Vik Muniz is an innovative artist who creates imagery within a nexus of diverse media. Working with a dizzying array of unconventional materials—including sugar, tomato sauce, diamonds, magazine clippings, chocolate syrup, dust, and junk—Muniz painstakingly builds tableaux before recording them with his camera. From a distance, the subject of each resulting photograph is discernible; up close, the work reveals a complex and surprising matrix through which it was assembled. That revelatory moment when one thing transforms into another is of deep interest to the artist.
Muniz’s work often quotes iconic images from popular culture and art history, drawing on our sense of collective memory while defying easy classification and mischievously engaging a viewer’s process of perception. His more recent work incorporates electron microscopes and manipulates microorganisms to explore issues of scale and to unveil both the familiar and the strange in spaces that are typically inaccessible to the human eye.

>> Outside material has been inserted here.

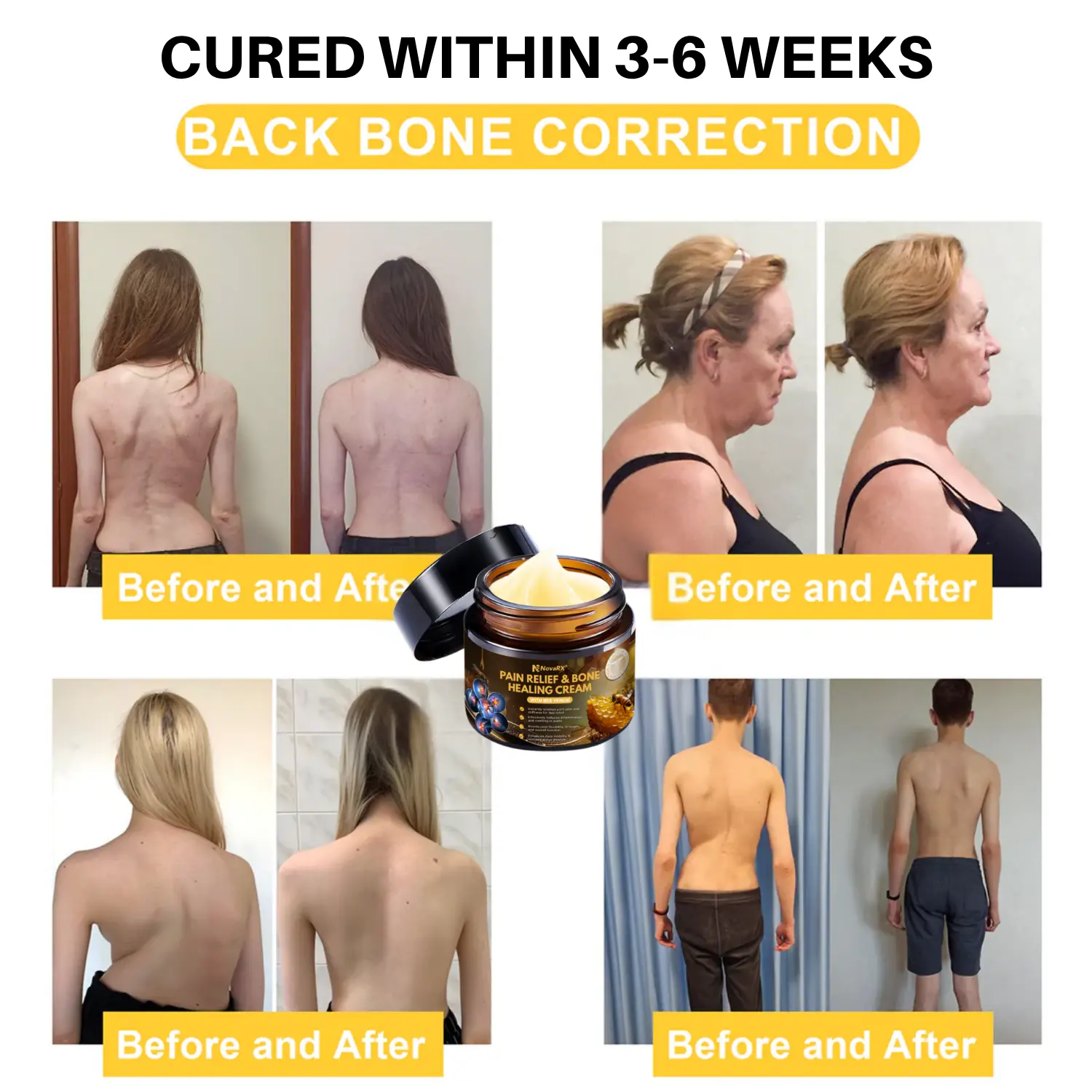 NovaRX® Pain Relief & Bone Healing Cream with Bee Venom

This major mid-career retrospective canvasses more than twenty-five years of Muniz’s work to transform the ordinary into the extraordinary, reminding us of the power of art to surprise, delight, and transform our perceptions of the world.
The exhibit will be showing through August 21st, 2016. If you’re in Atlanta, take a look.
Vik Muniz was also the driving force of the documentary Lixo Extraordinário (Waste Land), 2010. If you haven’t seen it, I highly recommend it.
rq says
Nope, still not quite sure what to say about this (spent a lot of time staring at it yesterday, too).
This is not a bad thing. This means there is no adequate way to express the emotional impact.